When human subjects are used, manuscripts must be accompanied by a statement that the experiments were undertaken with the understanding and written consent of each subject, with the approval of the appropriate local ethics committee, and in compliance with national legislation and the Code of Ethical Principles for Medical Research Involving Human Subjects of the World Medical Association (Declaration of Helsinki) [ External link http://www.wma.net/e/policy/b3.htm]...

This is standard for even the most innocuous and non-invasive cognitive psychology experiments.
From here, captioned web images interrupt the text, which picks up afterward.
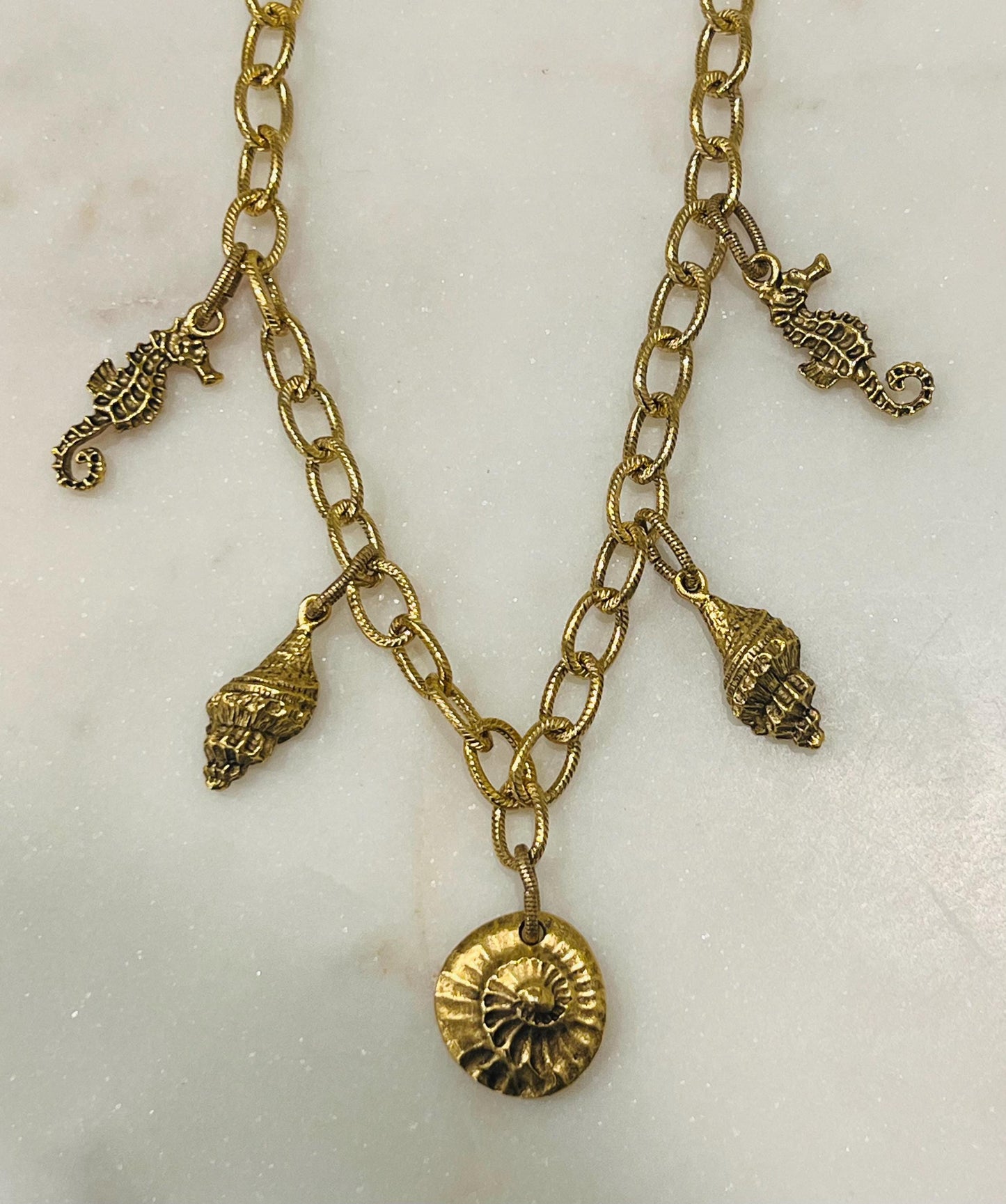 Gold Nautical Charm Necklace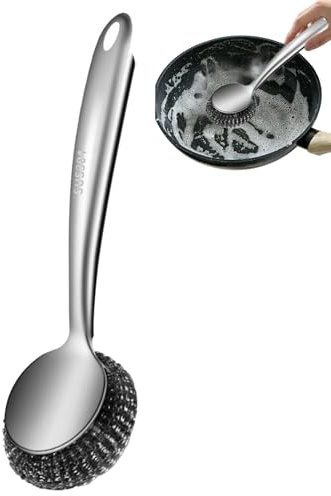 Holdes Grattoir en métal pour la vaisselle, brosse à vaisselle en métal – Brosse à vaisselle en laine d'acier avec long manche, tampons pratiques en laine d'acier, éponges à récurer en acier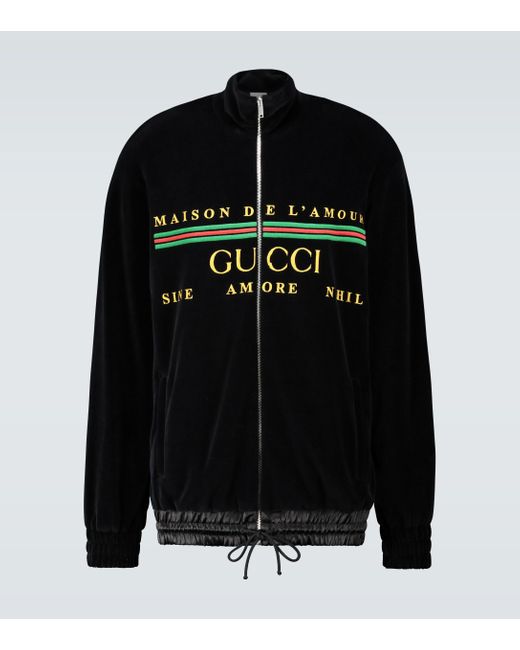 Veste de jogging en velours Maison de l'amour Gucci pour homme en coloris Black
For example Psychological Science sends you to the Wiley-Blackwell site:

4.2 Protecting the rights of research participants/subjects.

It seems mighty strange to me that a neurosurgery journal would not have an explicit policy to protect the rights of patients.

 
At October 02, 2009 5:53 AM, Blogger Maia Szalavitz said...

When I first read the paper, I raised the issue on an addictions discussion list that is frequented by some major people in the field and I also contacted some high level experts whom I know for help-- I can't remember what actions they took, but I'm pretty sure I'm not the only one who tried to contact the editor with concerns.

Fortunately, we soon heard that the research had been discontinued.

But what horrifies me is that anyone could have thought this was in any way a good idea. Why on earth would stopping people from feeling *natural* pleasure or desire cure addiction? How can you justify going into someone's brain when there are effective and non invasive treatments available without that risk?

Sure, methadone isn't perfect-- but it unsurprisingly has a far higher success rate than this nonsense and it carries none of the risk.

Perhaps you can contact the editors or editorial board with more success than I did?